[Data in this exercise]
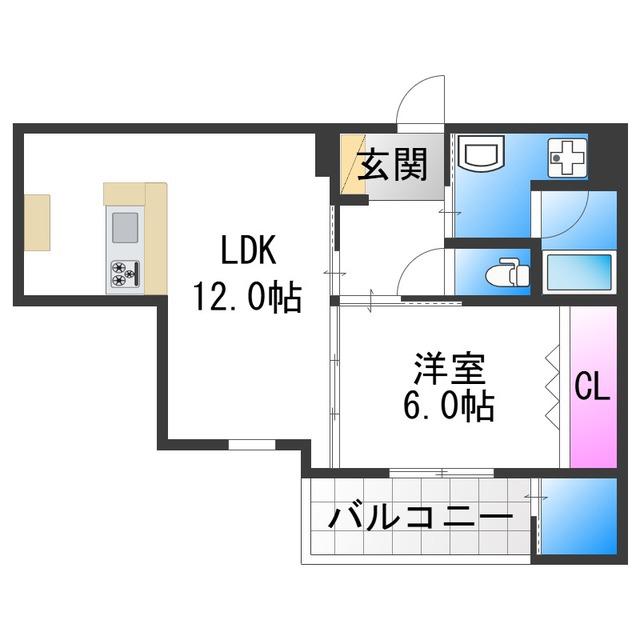 クローバー・プレミア昭和町(1LDK/6階)の間取り写真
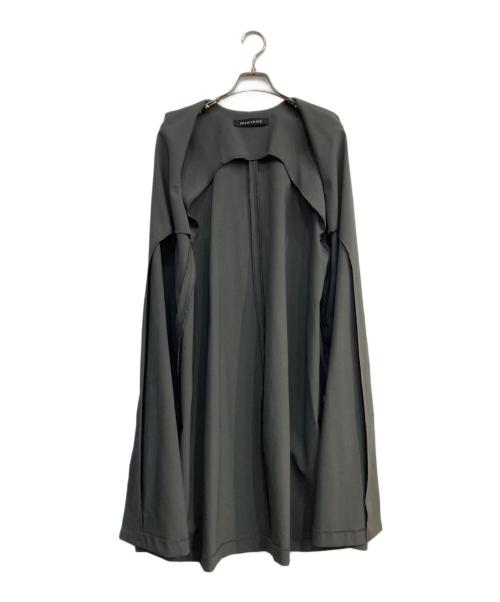 mizuiro-ind（ミズイロインド）mizuiro-ind (ミズイロインド) 比翼ノースリーブワンピース グレー サイズ:Freeの古着・服飾アイテム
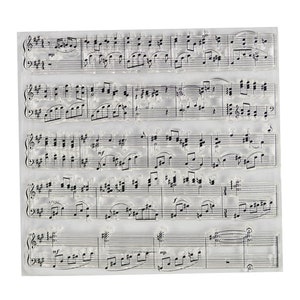 Notes de musique fond personnel tampons transparents joints en caoutchouc pour bricolage scrapbooking fabrication de cartes papier feuille de timbres d'artiste
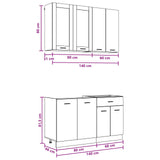Kitchen Unit LYON 4 pcs Black Oak Engineered Wood - Close-Up Angle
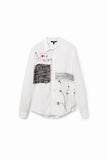 Patchwork and flower shirt- Women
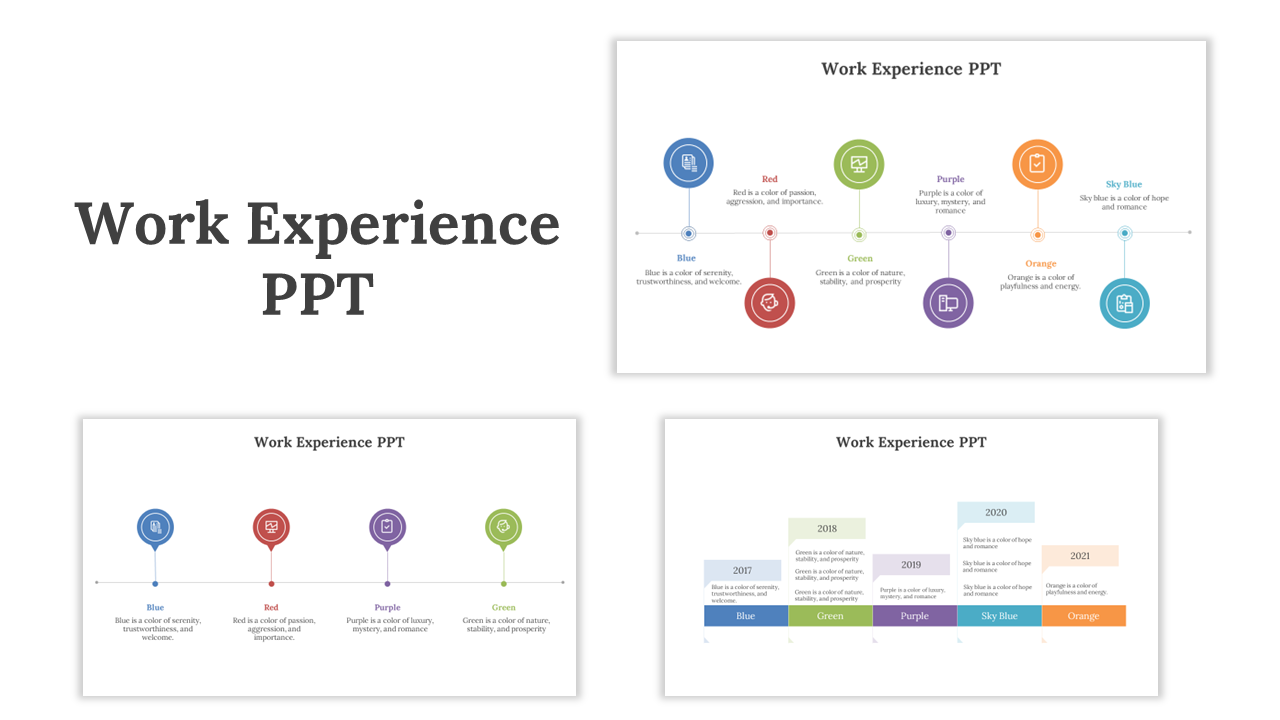 Work experience PPT showcasing multiple slides with timeline graphics and step by step representations of career growth.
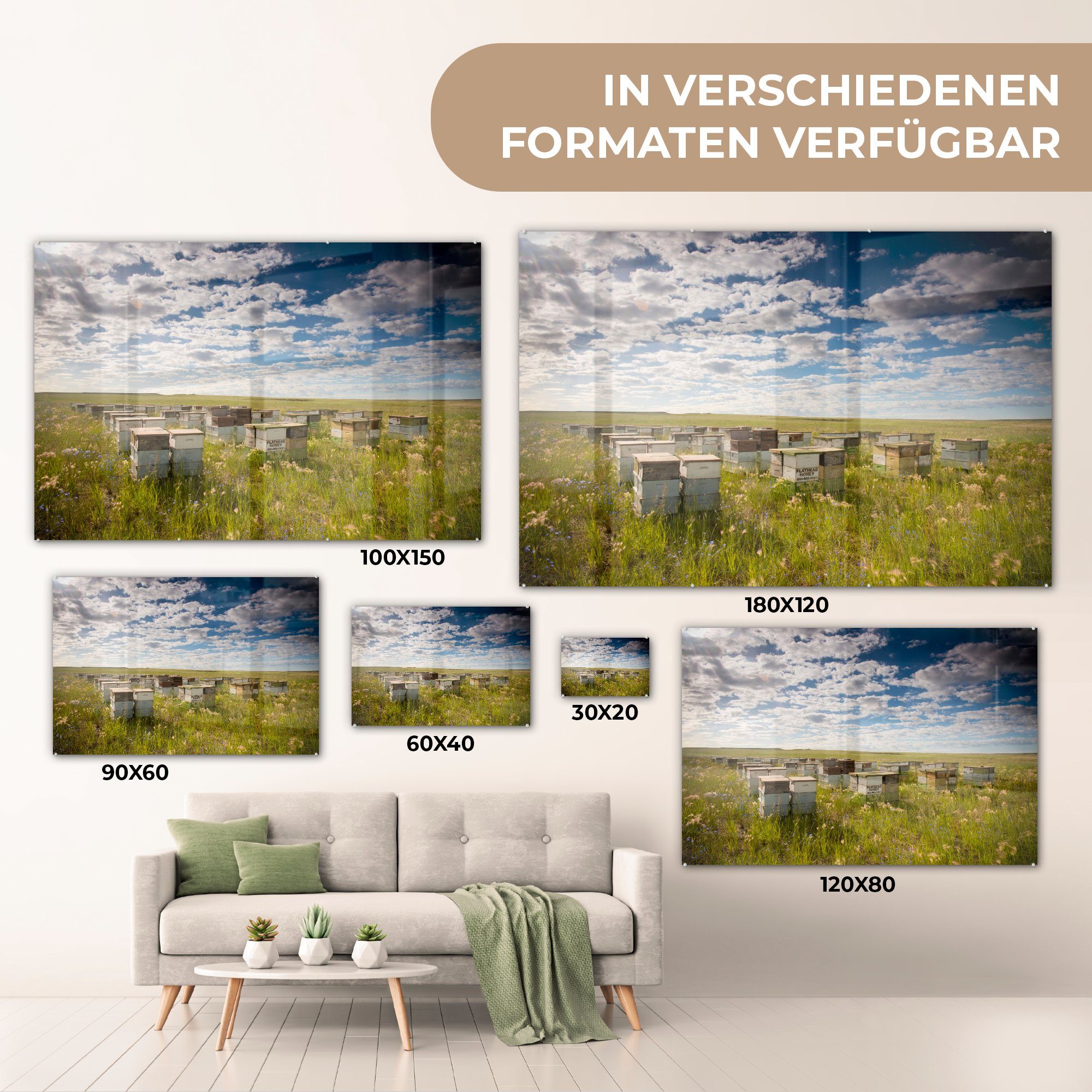 Bienen MuchoWow St), Acrylglasbild - Blume Schlafzimmer Himmel, - Acrylglasbilder Wohnzimmer & (1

[Problem]
Transcribe every line from the one with "Kitchen Unit LYON" to the last line of the records above, exactly, excluding pictures.

[Solution to this exercise]
Kitchen Unit LYON 4 pcs Black Oak Engineered Wood - Close-Up Angle
 Patchwork and flower shirt- Women
 Work experience PPT showcasing multiple slides with timeline graphics and step by step representations of career growth.
 Bienen MuchoWow St), Acrylglasbild - Blume Schlafzimmer Himmel, - Acrylglasbilder Wohnzimmer & (1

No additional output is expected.